Caligula laughed, delighted. “I’ll pass that description along to Lear.”
“Lear needs to contact me. Directly.”
Caligula said nothing.
“You tell him or her. Or them. Or whatever, that I’m going to keep financing BZRK, just as my father did. But not unless I know who I’m dealing with.”
He did not answer. He neither nodded nor shook his head. It was getting on Plath’s nerves, which were already frayed.
“Ophelia,” she said.
Caligula nodded slightly, as though he was expecting it. “She’s gone.”
“Was it …was it easy for her?”
Caligula pulled the car over to the side of the street. He turned around and looked at her. She did not flinch. “It’s never easy. It’s death. And death is terrible and profound.”
“And when it’s me or Keats you have to kill?” Plath demanded, shamed by the quiver in her voice.
“Then that, too, will be terrible and profound,” Caligula said.
Pia Valquist was forty-one years old. Her hair had always been blonde. First because her DNA had dictated that color, and now because her hairdresser made it so. Her tired eyes had luggage— dark bags. Her feet were a source of constant pain made worse by the snow that seemed to laugh at boasts of waterproofing for boots.
A long time ago she had been tall and moderately pretty, with the kind of body you expect from a five-foot-eleven-inch Swedish girl.
She was still tall.
And she was a spy. A very cold spy as she tramped from the rented Saab she had reluctantly left parked at the gate. It was a long driveway, but no one had answered the call box, and well, she’d be damned if she was going to stop now. It was very dark, but then this time of the year, this far north, it was dark almost all day. The sun was nominally visible for a few hours on either side of noon, but today’s sun had been a distant, helpless light filtered through mist. It was long gone now.
People know that all the great powers have intelligence services, the Americans, the Russians, the Chinese, and of course the famous MI6 of James Bond fame.
People do not expect that a small country, a small peaceable country like Sweden that had last fought a war in the nineteenth century, would have spies. They didn’t have many. The Militära underrättelseoch säkerhetstjänsten—the MUST—did not have a giant complex like the CIA. They didn’t have their own array of satellites. They didn’t blow people up with missiles fired from drones.
The KSI—Kontoret för Särskild Inhämtning—MUST’s most secretive branch, had even fewer people, a relative handful. The advantage of small size and a lack of current war, or likelihood of war, meant that the KSI could tolerate individual strangeness to a degree that one of the tight-jawed, do-or-die, save-the-world spy agencies could not. It could, for example, allow Pia Valquist time to obsess over the Natal Incident.
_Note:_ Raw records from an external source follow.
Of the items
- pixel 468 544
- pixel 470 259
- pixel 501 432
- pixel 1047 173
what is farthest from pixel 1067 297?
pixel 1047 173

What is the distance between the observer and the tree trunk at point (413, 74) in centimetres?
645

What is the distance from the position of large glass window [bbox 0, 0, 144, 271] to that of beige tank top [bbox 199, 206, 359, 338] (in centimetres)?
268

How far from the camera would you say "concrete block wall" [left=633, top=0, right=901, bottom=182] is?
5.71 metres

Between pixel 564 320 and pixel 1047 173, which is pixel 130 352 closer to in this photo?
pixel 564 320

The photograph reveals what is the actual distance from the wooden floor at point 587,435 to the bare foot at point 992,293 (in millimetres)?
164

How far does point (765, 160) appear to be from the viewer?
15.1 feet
Three years earlier a very strange thing had occurred in the northern Brazilian city of Natal. A ship’s boat had come ashore there in the wake of a devastating hurricane. The ship’s boat belonged to a converted, repurposed amphibious assault ship purchased through shell corporations from the U.S. Navy. It was an older ship, Vietnam War–era. Originally, when it had been a U.S. Navy ship, it had been the U.S.S. Tiburon.
The boat that had come ashore showed signs of having been at sea for a long time. Weeks, perhaps. And it showed signs of having been occupied for that time, because there were three sets of footprints crossing the sand away from the boat toward town.
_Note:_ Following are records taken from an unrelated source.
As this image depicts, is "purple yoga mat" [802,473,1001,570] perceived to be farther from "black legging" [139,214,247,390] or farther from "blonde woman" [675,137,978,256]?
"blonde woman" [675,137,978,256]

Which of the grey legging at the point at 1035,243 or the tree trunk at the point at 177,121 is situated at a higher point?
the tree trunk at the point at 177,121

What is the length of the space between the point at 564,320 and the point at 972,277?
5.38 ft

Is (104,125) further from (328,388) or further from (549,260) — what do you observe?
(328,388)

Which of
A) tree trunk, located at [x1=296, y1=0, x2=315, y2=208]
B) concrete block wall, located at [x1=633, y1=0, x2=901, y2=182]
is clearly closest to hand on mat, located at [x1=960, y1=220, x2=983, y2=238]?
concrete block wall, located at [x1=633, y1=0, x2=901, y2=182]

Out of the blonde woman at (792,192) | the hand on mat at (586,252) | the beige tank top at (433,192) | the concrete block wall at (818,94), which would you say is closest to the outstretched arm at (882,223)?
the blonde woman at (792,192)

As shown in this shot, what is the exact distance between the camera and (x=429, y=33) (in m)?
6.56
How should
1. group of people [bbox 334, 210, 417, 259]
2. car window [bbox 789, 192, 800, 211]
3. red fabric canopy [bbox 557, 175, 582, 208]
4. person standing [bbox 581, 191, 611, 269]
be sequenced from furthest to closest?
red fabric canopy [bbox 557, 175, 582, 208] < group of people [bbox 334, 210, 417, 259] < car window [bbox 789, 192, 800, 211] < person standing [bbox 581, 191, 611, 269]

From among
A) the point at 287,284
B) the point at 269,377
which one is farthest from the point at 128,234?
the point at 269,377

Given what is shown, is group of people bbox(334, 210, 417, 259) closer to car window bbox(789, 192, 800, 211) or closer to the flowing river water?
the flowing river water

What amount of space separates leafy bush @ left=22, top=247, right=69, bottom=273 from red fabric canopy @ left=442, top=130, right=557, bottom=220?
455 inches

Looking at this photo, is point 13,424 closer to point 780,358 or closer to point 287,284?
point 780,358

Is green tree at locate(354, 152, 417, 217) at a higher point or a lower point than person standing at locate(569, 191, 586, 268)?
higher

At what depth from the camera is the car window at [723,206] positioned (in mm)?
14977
That same day local police found a mad, filthy, bearded man wandering the streets of Natal and picked him up for questioning. He told them a wild, disconnected story of having been kidnapped from a yacht sailing from South Africa. Then there was some nonsense having to do with a two-headed man and hideous experiments and brainwashing. The police dismissed him as mentally unbalanced.
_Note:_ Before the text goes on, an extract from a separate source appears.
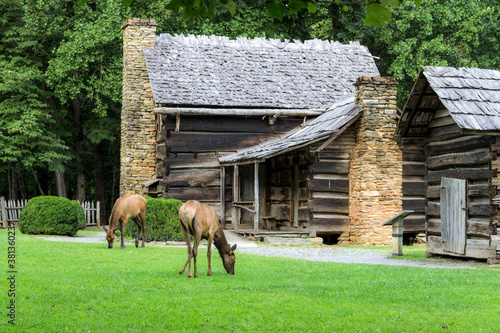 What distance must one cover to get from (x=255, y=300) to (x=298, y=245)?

That night the man hanged himself in his cell. With a belt that was not his.
The second and third sets of tracks were never identified. One matched the suicide victim, another appeared to belong to a grown woman, and a third could have been those of a teenage boy or girl.
The only reason that Pia Valquist knew anything about the matter was that she’d been visiting a Brazilian friend who happened to be the regional police lieutenant. He also happened to be absurdly handsome and wonderfully romantic and quite infatuated with Pia.